Album Reviews • Friday February 5th, 2010 • 9:57 am
Bisco Smith — a.k.a. Bisc1 — is a prolific artist with talents extending into a variety of arenas. He’s acted as artistic director for several record labels and his graphic designs have been featured in promotional materials, print literature, and studio galleries. As a hip-hop performer of four years, he’s already tucked two studio albums, a U.S. tour, and several major festival performances under his belt. He even expressed his penchant for uniting the optical and aural with The Strange Love Project, a 2008 multimedia release in which a variety of music producers and visual artists reinterpreted songs from Bisco’s critically-acclaimed sophomore album.
Despite this exposure, Bisco’s reputation is that of a thoughtful introvert. His music is dense, intellectual, and niche-oriented, almost as if it exists for personal catharsis rather than popular consumption. Crammed with myriad layers of literal and metaphorical meanings to the point of chaos, Bisco’s creative output has been branded cerebral and weighted with critical expectations of constantly existing at the “cutting edge” of hip-hop.

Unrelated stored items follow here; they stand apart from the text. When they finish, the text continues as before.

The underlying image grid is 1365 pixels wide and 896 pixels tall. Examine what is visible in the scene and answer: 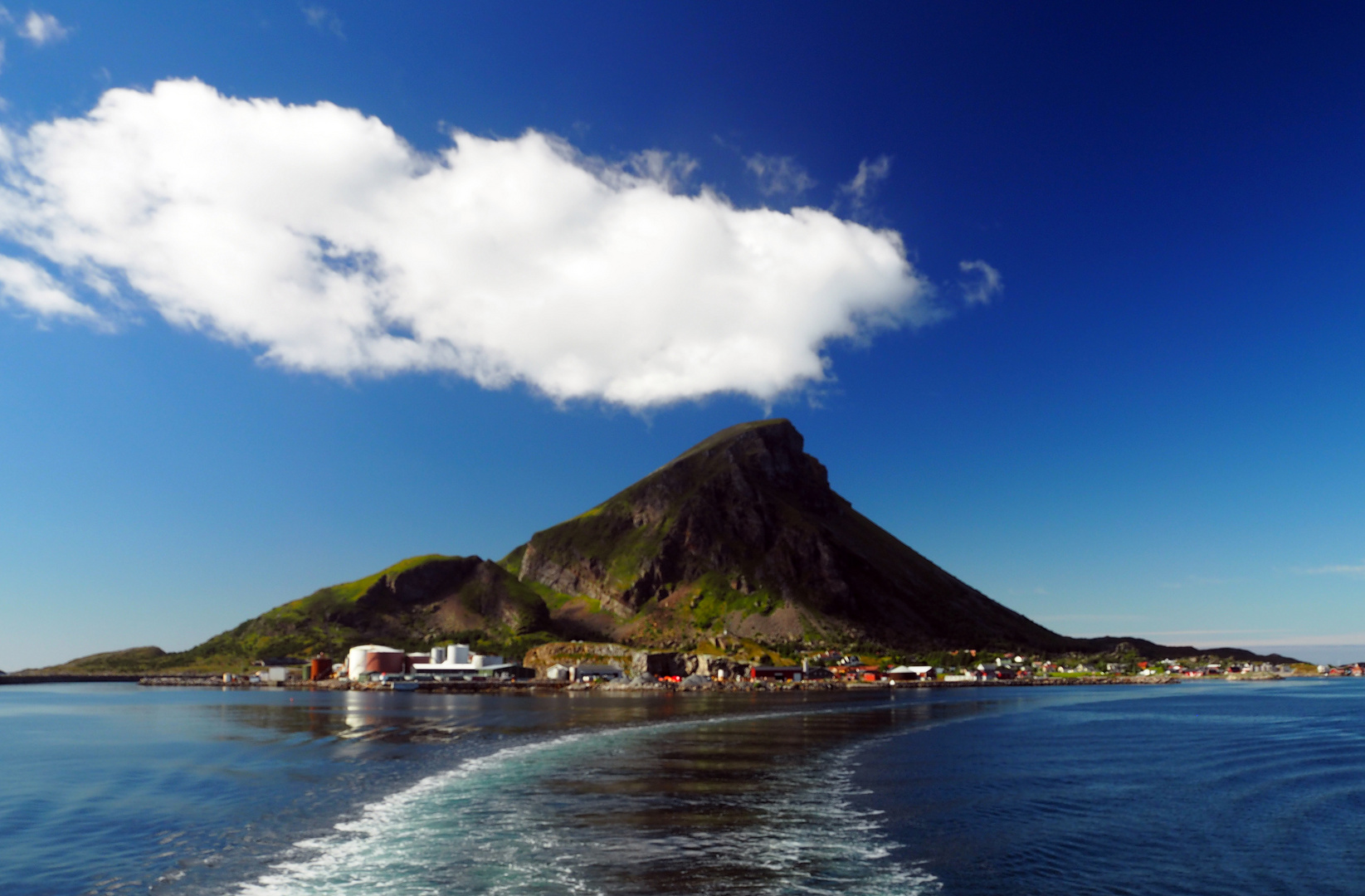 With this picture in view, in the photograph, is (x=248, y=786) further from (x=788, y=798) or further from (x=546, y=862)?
(x=788, y=798)

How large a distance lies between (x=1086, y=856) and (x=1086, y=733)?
59.2 m

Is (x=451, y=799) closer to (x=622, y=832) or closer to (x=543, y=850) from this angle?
(x=622, y=832)

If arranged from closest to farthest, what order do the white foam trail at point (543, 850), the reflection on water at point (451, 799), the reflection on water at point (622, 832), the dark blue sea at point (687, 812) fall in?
the white foam trail at point (543, 850) → the reflection on water at point (622, 832) → the dark blue sea at point (687, 812) → the reflection on water at point (451, 799)

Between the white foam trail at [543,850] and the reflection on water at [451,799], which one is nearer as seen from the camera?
the white foam trail at [543,850]

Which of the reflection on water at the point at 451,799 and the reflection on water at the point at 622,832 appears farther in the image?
the reflection on water at the point at 451,799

With his third full-length LP, The Broadcast, Bisco attempts to shed this heavy mantle and do what the title implies: transmit his vision to a larger audience, bolstered by a poppier sound and lighter flow. This ethos is captured in the rapper’s self-designed cover art, which depicts radio waves emanating from a stylized brain. Communication is key, as Bisco seems to be poising himself to express his mind to a broader base of listeners.
Produced entirely by fellow NYC resident J. Vegus, the album has a funky yet accessible downtempo flavor brightly tinged with electronica bursts and structured by dubstep syncopation. Tracks like “Fresh Water” pair bleeping and bubbling soundscapes with a skittering beat and unhurried wordplay. Bisco deftly rhymes over well-placed samples in tracks like “Time Zone,” in which an echoed vocal loop purrs eerily over hypnotic synths. The playful accompaniment is a perfect foil for the rapper, as he lyrically echoes the laid-back pacing of the beats.

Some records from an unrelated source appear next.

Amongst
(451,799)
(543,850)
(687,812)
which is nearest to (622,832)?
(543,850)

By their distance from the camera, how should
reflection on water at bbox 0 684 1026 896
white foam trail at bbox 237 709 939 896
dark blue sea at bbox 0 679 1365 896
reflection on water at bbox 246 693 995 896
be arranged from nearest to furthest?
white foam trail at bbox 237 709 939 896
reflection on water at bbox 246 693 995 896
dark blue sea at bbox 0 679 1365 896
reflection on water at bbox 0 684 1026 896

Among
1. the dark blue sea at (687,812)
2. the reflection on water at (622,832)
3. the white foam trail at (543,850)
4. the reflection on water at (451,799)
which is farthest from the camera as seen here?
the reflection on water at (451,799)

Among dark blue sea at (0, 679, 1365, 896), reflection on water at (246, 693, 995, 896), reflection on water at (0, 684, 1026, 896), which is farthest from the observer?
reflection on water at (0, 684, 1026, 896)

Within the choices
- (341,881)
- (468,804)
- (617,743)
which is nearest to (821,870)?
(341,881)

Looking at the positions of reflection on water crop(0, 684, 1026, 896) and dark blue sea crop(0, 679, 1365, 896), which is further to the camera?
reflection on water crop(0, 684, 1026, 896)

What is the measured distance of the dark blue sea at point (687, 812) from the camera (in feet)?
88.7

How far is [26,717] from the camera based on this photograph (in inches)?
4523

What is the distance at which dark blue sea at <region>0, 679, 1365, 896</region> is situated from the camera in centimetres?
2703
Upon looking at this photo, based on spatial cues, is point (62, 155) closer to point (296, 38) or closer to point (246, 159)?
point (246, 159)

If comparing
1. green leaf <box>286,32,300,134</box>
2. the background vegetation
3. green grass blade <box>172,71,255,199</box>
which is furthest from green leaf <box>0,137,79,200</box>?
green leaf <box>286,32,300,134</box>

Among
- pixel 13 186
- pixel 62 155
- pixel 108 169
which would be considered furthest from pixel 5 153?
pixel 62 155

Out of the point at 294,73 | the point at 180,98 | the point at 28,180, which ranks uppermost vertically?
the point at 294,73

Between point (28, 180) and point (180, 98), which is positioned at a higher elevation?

Bisco’s mellowness is further reflected in the album’s accessible lyrics. His first single, “Morning Breath,” offers the reassuring maxim that no matter what personal choices one makes on any given day, everyone ends up on the correct life path in life’s grand scheme. “Vibrations” is an ode to escapism that touches on sending out energy and striving towards undiscovered places of peace. This Zen-like attitude serves Bisco well, as The Broadcast finds him at his most lyrically focused. Seemingly unburdened by the need to communicate so much in each song, Bisco’s delivery is noticeably relaxed.
However, at points, The Broadcast shifts from relaxed to sleepy, as the energy level dwindles during some of the more divergent songs. Tracks like “Crooked Hearts” and “Circuit Breaker” become muddy at points and sound like they could use a pick-me-up or some strategic editing. Repeated chants become monotonous in choruses such as those of “Tune In” and “Transmission Live.”
Still, the sense of urgency is regained elsewhere in the album, in which shifting flashes of percussion and samples provide plenty of listening material to maintain aural interest. The Broadcast is a rare example of cohesion in independent hip-hop, as the artist and producer seem to be on the same page at nearly every turn: see the perfectly-tuned “Railroads,” in which sound effects, lyrics, and production combine to paint a picture of toiling on the tracks that works on multiple levels. Despite a few (and far between) missteps in delivery and length, the eclectic album is an extremely strong third studio release that reflects a great deal of maturation.